June 5, 2026
LeetCode and Let Die
Technical Interviews Reject the Wrong Engineers
Hiring tests are flunking great people, and the comments are absolutely not calm
TLDR: The article says common tech interviews often reject strong candidates for being bad at pressure-filled test performances, not bad at the job itself. Commenters were split between furious agreement, cynical shrugs that nobody has a better system, and calls for simpler, more human hiring.
Tech hiring just got dragged, and honestly, the comments are where the real bloodbath is. The article argues that many coding interviews don’t actually find the best engineers — they mostly reward people who practiced the right puzzle tricks, while rejecting experienced people who simply don’t perform well in a high-pressure spotlight. It also throws cold water on those scary “bad hire” stats floating around online, saying some of the most repeated numbers appear to be citation chain gossip rather than solid evidence. The bigger danger, the author says, isn’t missing a superstar — it’s accidentally hiring someone toxic who hurts the whole team.
That set off a familiar internet brawl. One camp basically screamed, “No kidding!” with commenter zipy124 saying good engineers won’t sit through a “12 step process” and that these marathon interviews mostly attract the desperate. Another crowd wanted solutions, not vibes: IshKebab bluntly said everyone already knows the process is bad and complained the author isn’t offering a better replacement. Meanwhile, a-dub pitched a much more human-sounding idea: skip the circus, tell candidates what matters, and let them explain how they’d actually help.
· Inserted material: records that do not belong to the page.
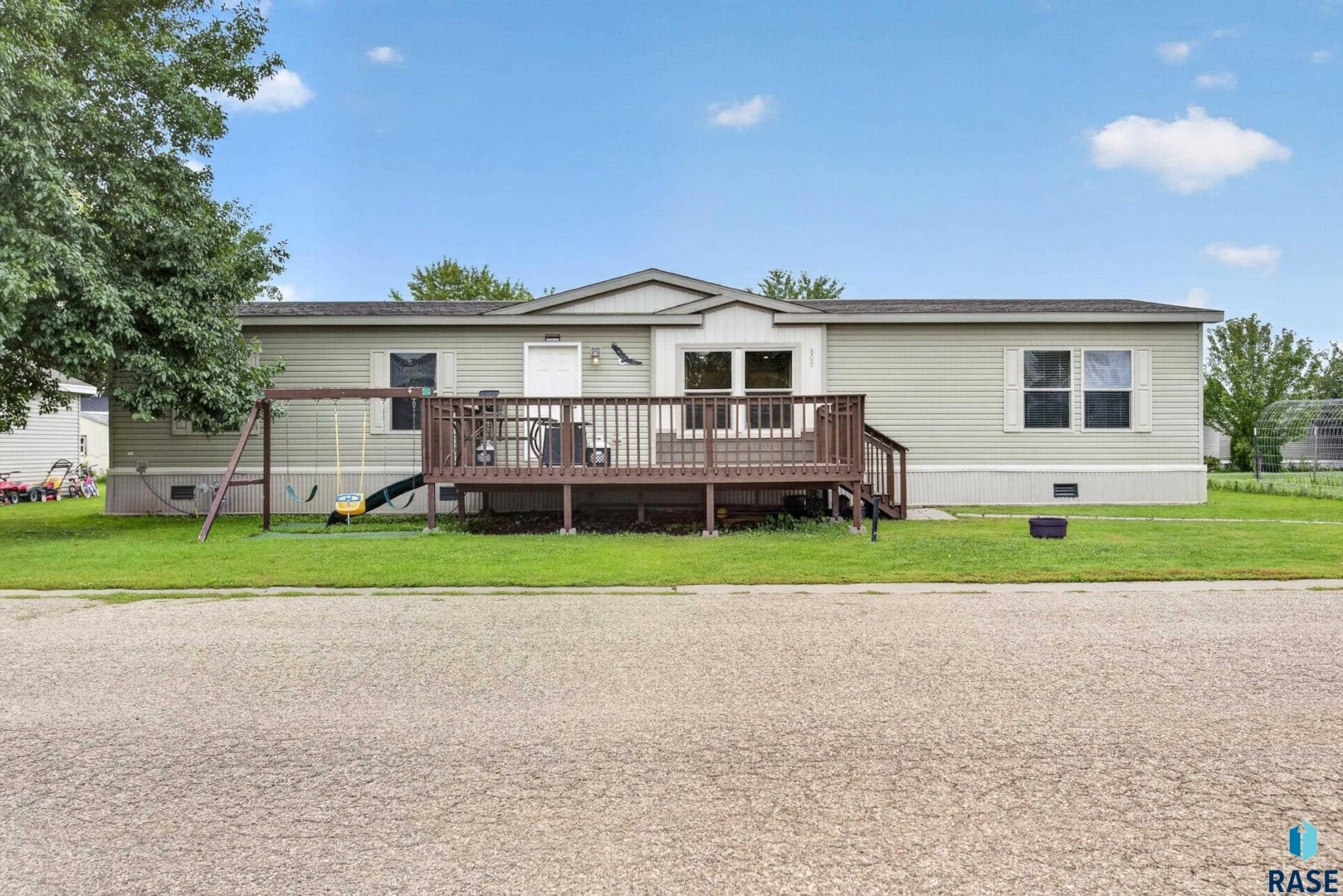 809 S Mckinley St: Long Creek Park Home
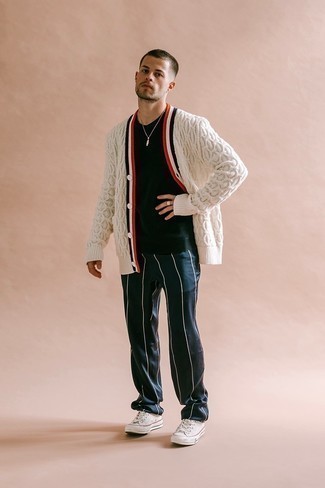 Welche Strickjacken mit schwarzen und weißen T-Shirts mit einem Rundhalsausschnitt zu tragen – 68 Herren Outfits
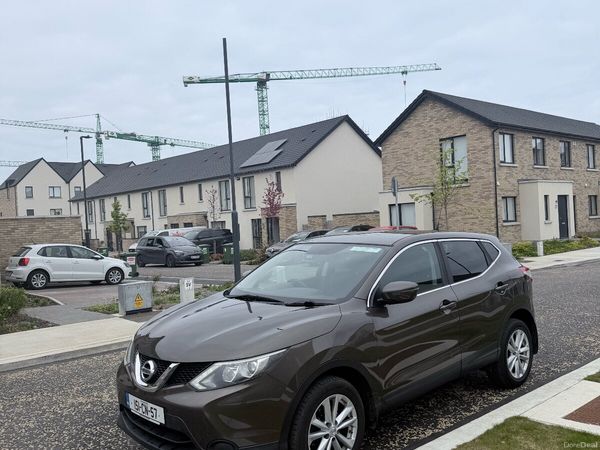 Nissan Qashqai Hatchback, Diesel, 2015, Brown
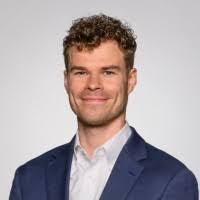 Alex Arnold's Instagram, Twitter & Facebook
Then came the spicy contradiction. techblueberry called out what many see as hiring’s favorite hypocrisy: companies say communication matters, then complain when engineers can’t instantly explain every bit of “gut feel” knowledge under pressure. Others chimed in with a calmer reform vibe, saying simpler questions and better rubrics are working. Translation: everyone agrees the system is weird — they just can’t agree whether it’s broken, unavoidable, or both.
Key Points
- •The article argues that technical interview processes often reward rehearsed interview performance rather than real engineering ability.
- •It says widely cited hiring-cost statistics attributed to the U.S. Department of Labor and Harvard Business Review could not be traced to original sources.
- •The article cites a 2012 Center for American Progress review finding a median replacement cost of about 21% of annual salary, rising to 213% for senior roles.
- •It highlights a 2015 Harvard Business School study by Housman and Minor showing that avoiding toxic workers produced roughly twice the return of hiring star performers.
- •The article cites a 2020 study by Behroozi et al. suggesting observed whiteboard interview conditions significantly reduce candidate performance and may disproportionately affect women.